ACTION ITEM: When you copy the listing, skip the images and return each line verbatim.

SOURCE DATA:
══════════════════════════════

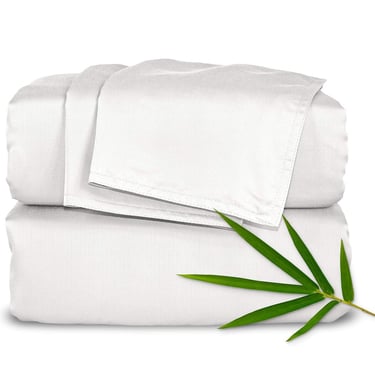 a bamboo leaf on a bed sheet set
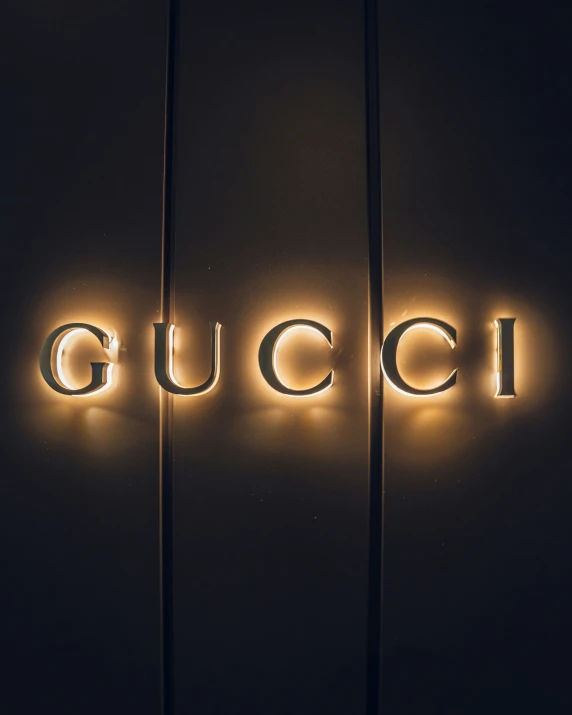 the word gucci illuminated up against the wall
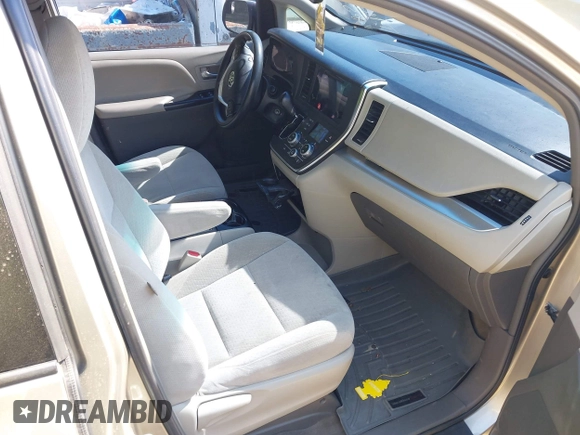 2015 Toyota Sienna LE AAS with VIN 5TDKK3DCXFS552524, listed as a IAAI auction lot 42060065 with 249,332 mi miles and . Bid and sale history available at DreamBid. Image 5.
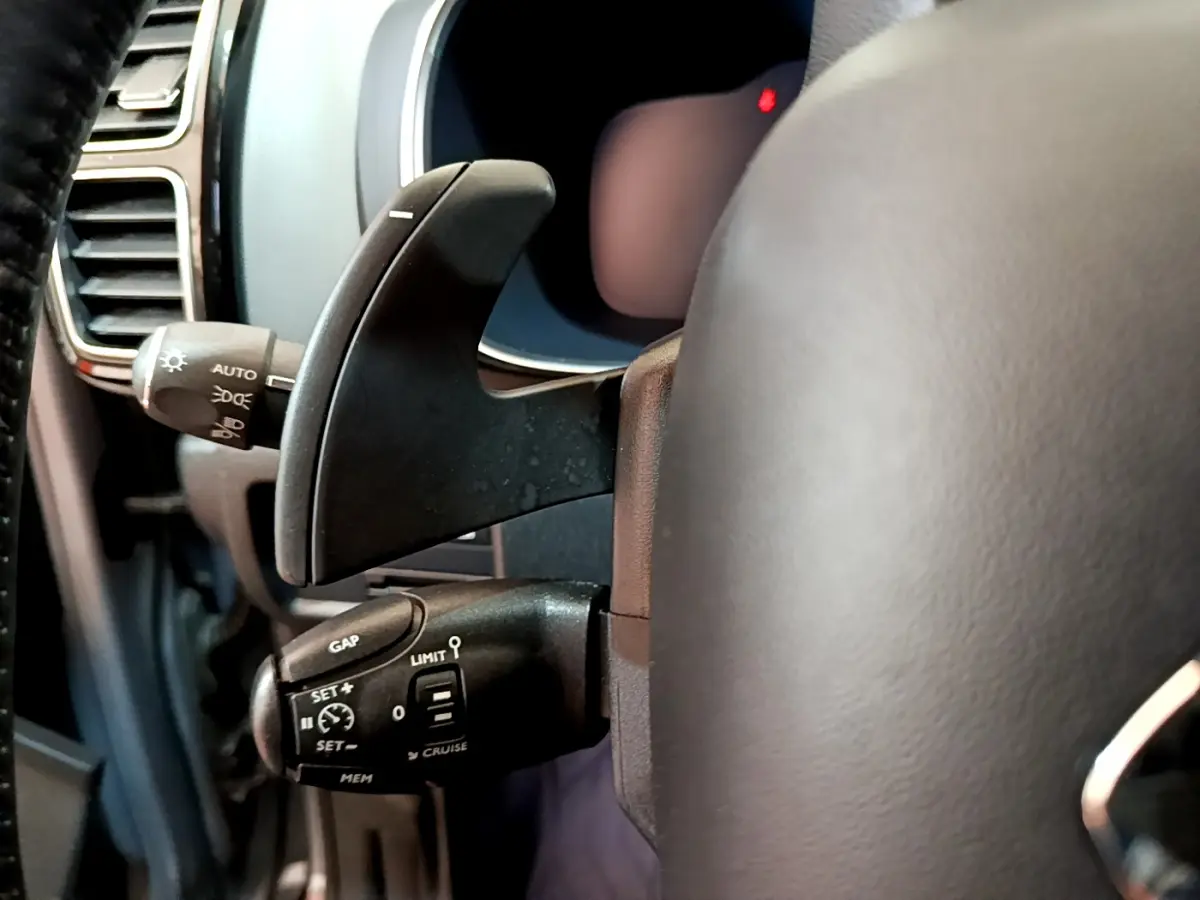 Gros plan sur la commande de régulateur de vitesse à gauche du volant cuir du Citroën C5 Aircross Hybrid 225 gris clair.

══════════════════════════════

SOLVED EXERCISE:
 a bamboo leaf on a bed sheet set
 the word gucci illuminated up against the wall
 2015 Toyota Sienna LE AAS with VIN 5TDKK3DCXFS552524, listed as a IAAI auction lot 42060065 with 249,332 mi miles and . Bid and sale history available at DreamBid. Image 5.
 Gros plan sur la commande de régulateur de vitesse à gauche du volant cuir du Citroën C5 Aircross Hybrid 225 gris clair.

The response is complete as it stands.